* [THE DATA]:
-- Opening Marker --

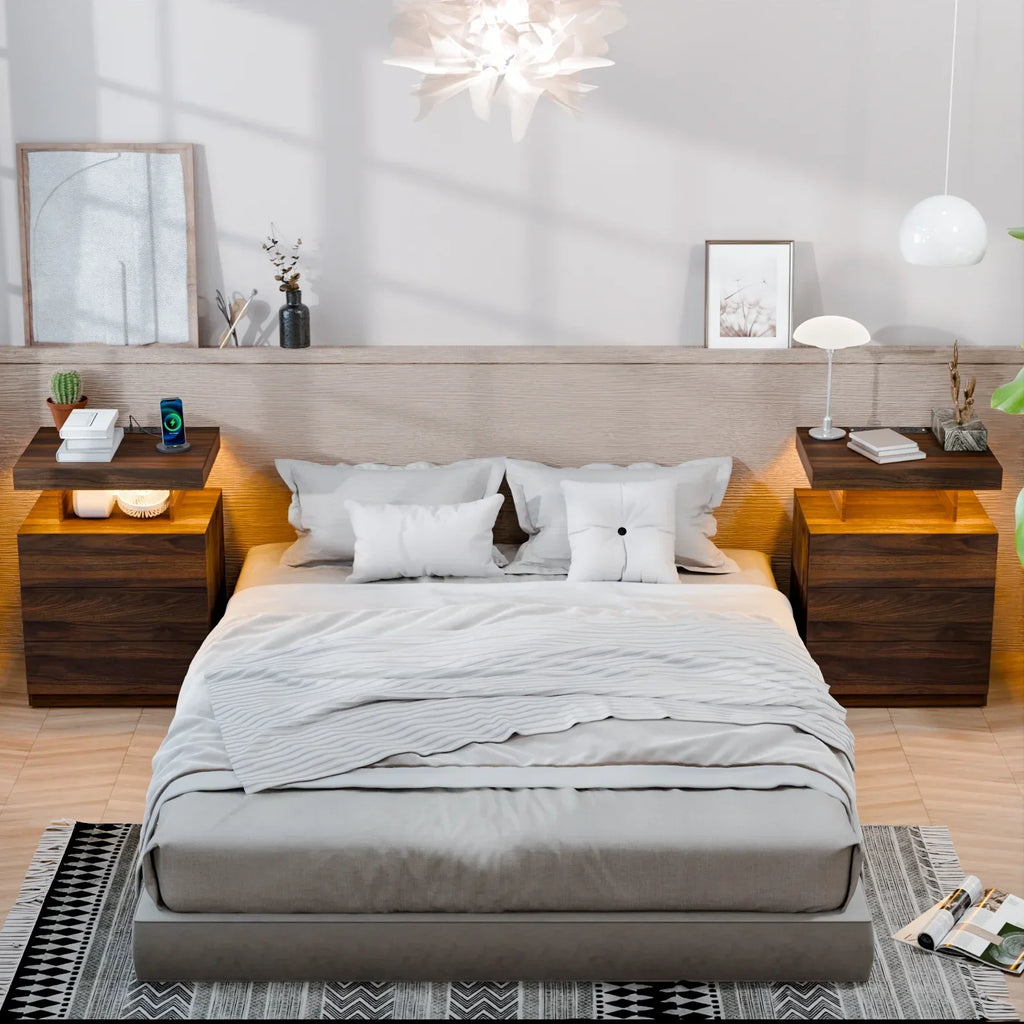 Nouveauté 2026 – Table de chevet LED Hommpa avec station de charge sans fil, ports USB Type-C, 3 tiroirs, finition laquée noire, style moderne et élégant, hauteur 68 cm (26,8 pouces). Idéale pour la chambre à coucher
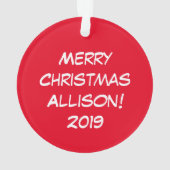 Llama Kerstmis Kinder Cute Funny Ornament (achterkant)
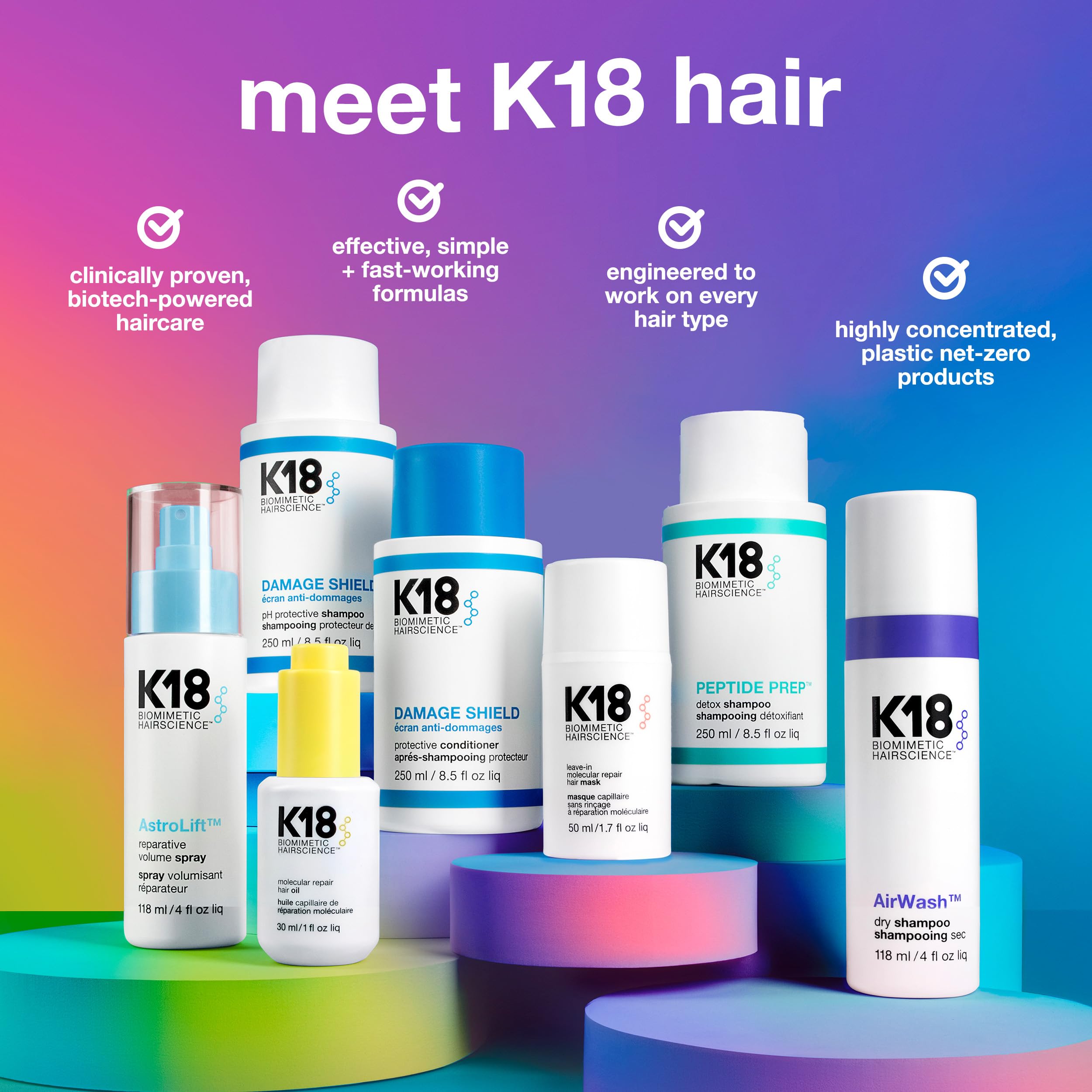 K18 Mini Leave-In Molecular Hair Mask, Repairs Dry or Damaged Hair, Reverse Hair Damage from Bleach, Color, Chemical Services & Heat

-- Closing Marker --

* [WHAT YOU NEED TO DO]: Could you output the listing word for word, omitting every picture?

* [TASK RESULT]:
 Nouveauté 2026 – Table de chevet LED Hommpa avec station de charge sans fil, ports USB Type-C, 3 tiroirs, finition laquée noire, style moderne et élégant, hauteur 68 cm (26,8 pouces). Idéale pour la chambre à coucher
 Llama Kerstmis Kinder Cute Funny Ornament (achterkant)
 K18 Mini Leave-In Molecular Hair Mask, Repairs Dry or Damaged Hair, Reverse Hair Damage from Bleach, Color, Chemical Services & Heat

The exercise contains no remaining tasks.